Le decine di migliaia di ore per creare un abito non sono più viste come inadatte alla velocità e frenesia del commercio di massa ma sono la prova della qualità del prodotto e del lavoro, così come lo è la ricerca in tessuti, materiali e tecniche possibile solamente in un campo ristretto e senza limiti come la haute couture. Stessa libertà anche per la complessità concettuale e artistica del tema della collezione e dello show allestito per raccontarla, spesso e volentieri ricercata e necessaria di studi - o quantomeno letture - per essere capita. L’assenza di confini creativi e avere la forza lavoro dei migliori artigiani del mondo nel settore, porta le maison a non dover essere legate a nessuna tendenza in fatto di design e nessun limite in termini di sperimentazione, mettendo insieme così prodotti e sfilate altamente spettacolari. Tra le menzioni più degne dell’ultimo periodo la collezione haute couture 2024 di Maison Margiela sotto la direzione creativa di John Galliano: una Parigi vittoriana e cupa fa sfilare corpi decadenti e simili a bambole con vestiti strappati e consunti in una performance inquietante, data dal traballante e sconvolto incedere di reietti e sex workers disperate. Questa è una metropoli che ignora i veri protagonisti della realtà e sono proprio quelli che lo stilista ha voluto rappresentare, resi possibili proprio dall’infinità possibilità di cura che l’alta moda garantisce. 

Anche le regole e burocrazia che l’hanno affossata ora sono un vanto per chi riesce a completare e presentare una collezione, recuperando ulteriormente sotto questo punto di vista il prestigio del passato, entrando a far parte delle maison che “ce l’hanno fatta”.

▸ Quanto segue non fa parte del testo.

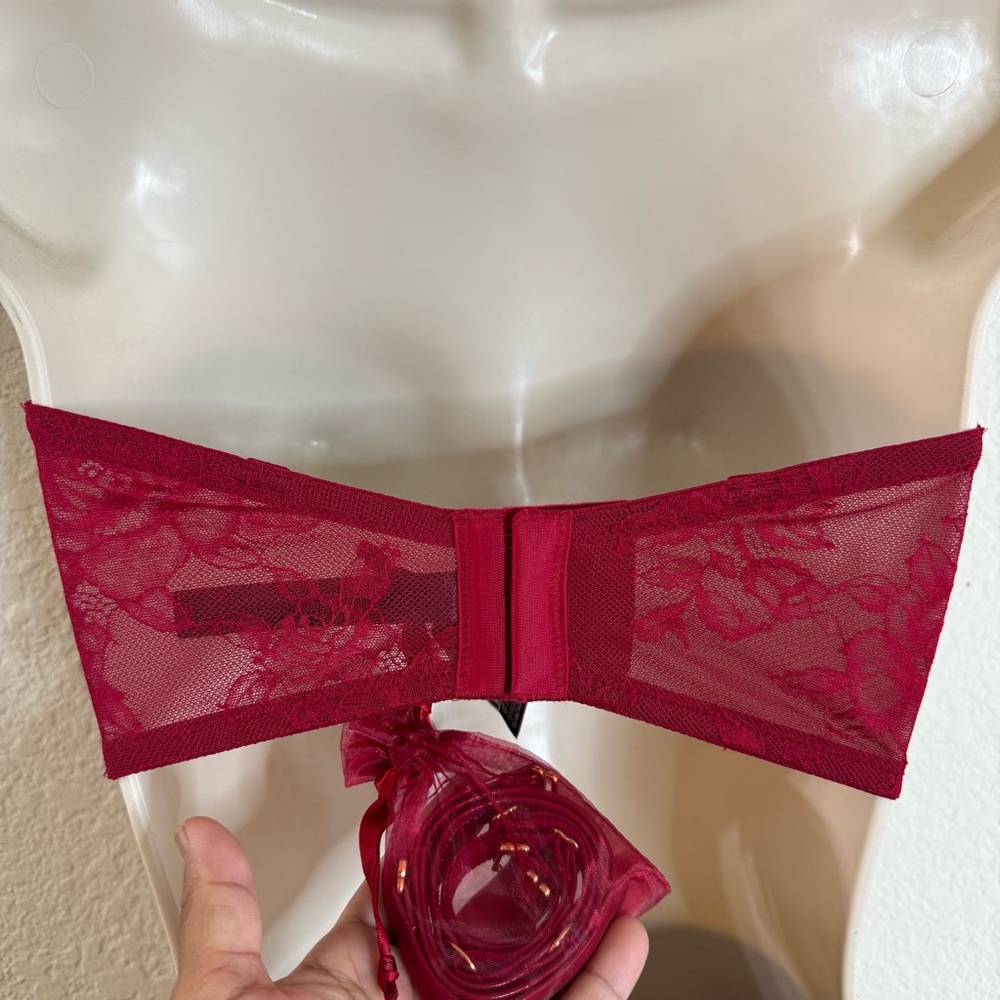 Victoria's Secret Very Sexy Faux Leather Strapless Bra Red w/Straps 32DD Lace - Picture 3 of 7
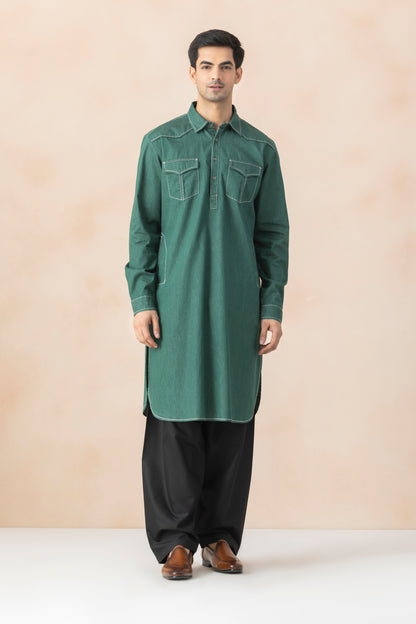 Men's Teal Green Denim Pathani Set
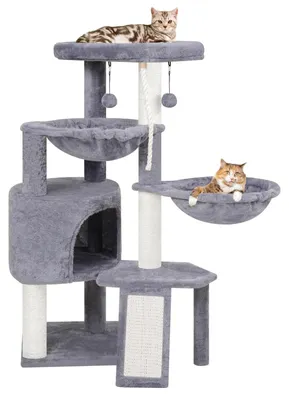 Image de Arbre à chat tour à chat - Avec niche et deux hamacs - Peluche grise - Griffoirs en sisal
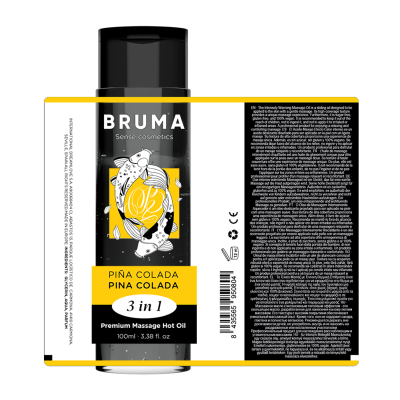 BRUMA - ÓLEO DE MASSAGEM PREMIUM EFEITO CALOR SABOR PINA COLADA 3 EM 1 - 100 ML - D-241765 - Dona Pimenta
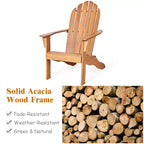 Costway 3PCS Patio Adirondack Chair Table Set Garden Deck Furniture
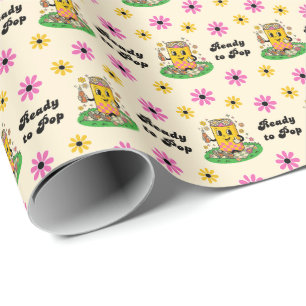 Papel De Regalo Dalia Groovy Moderna Rosa Amarillo Está Lista para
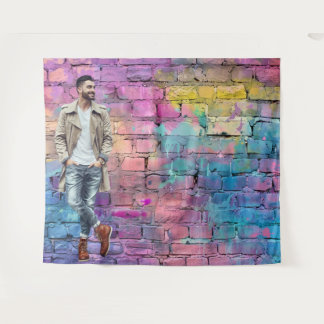 Tapete De Parede Colorful Graffiti Brick Wall Party Backdrop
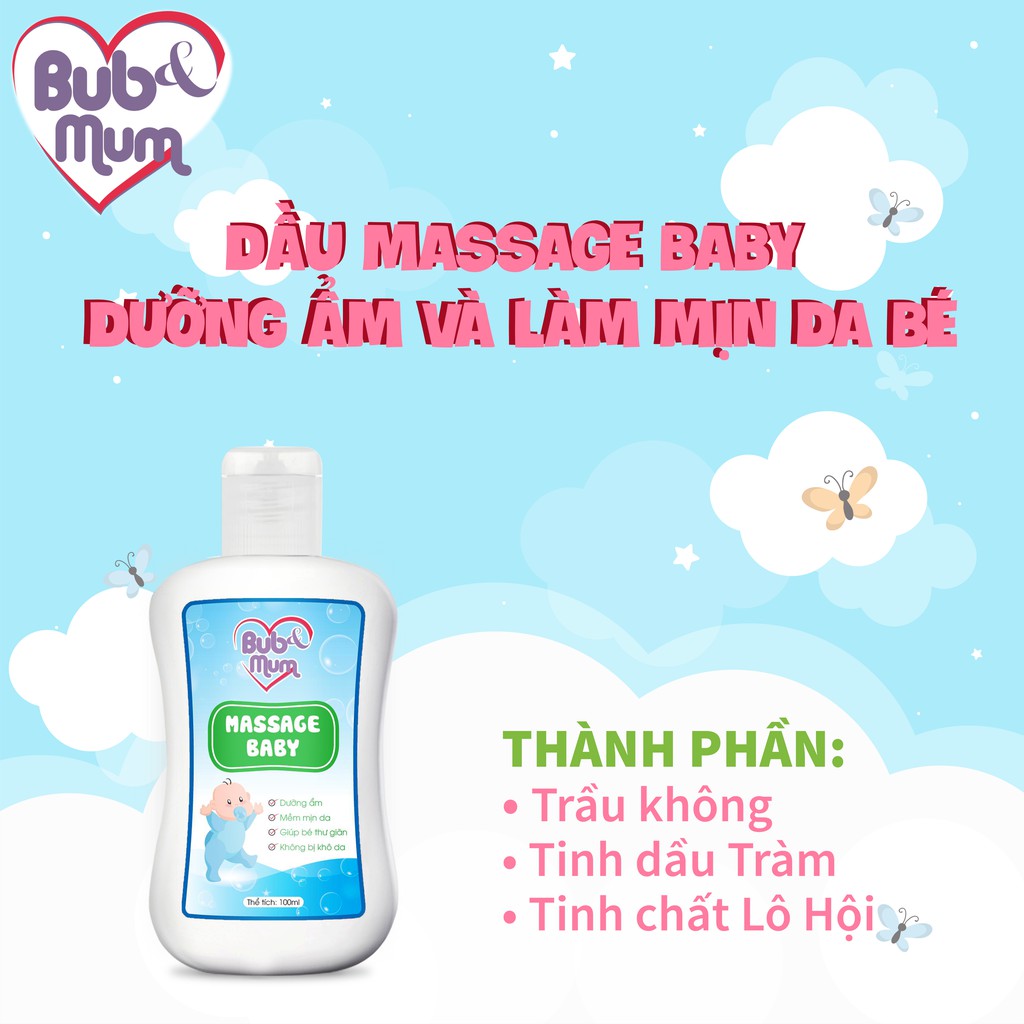 [Mã BMLTA50 giảm đến 50K đơn 99K] Dầu Massage cho bé chiết xuất tinh dầu thiên nhiên 100ml BuB&MuM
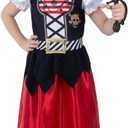 Lingway Toys Girls Deluxe Pirate Costume,Buccaneer Princess Dress for Kids (S 5-6)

Si sta ritornando piano piano a capire che la haute couture e la moda di massa non sono in competizione tra di loro, non è l’allievo che supera il maestro, ma sono due discipline diverse, a tratti opposte nel modo di esprimersi, comunicare e interagire con il pubblico. In un certo senso è impossibile non apprezzare la haute couture per quello che racconta e per come lo racconta, lontana dai mercati, dalle polemiche, problematiche e provocazioni della moda supersonica di oggi; un momento sereno, che trova ancora più leggerezza quando ci si accorge che la sua unicità ed esclusività è fondamentalmente fine a sé stessa, non potendo fare altro che rimanere sbalorditi senza cercare freneticamente alternative a basso costo dei vestiti presentati. L’alta moda è sostanzialmente quello che la moda di massa non sarà mai sotto qualsiasi punto di vista, sempre un passo avanti grazie alla sua libertà, ponendosi nel vocabolario della moda, come sinonimo di sogno. Lunga e prosperosa vita all’alta moda.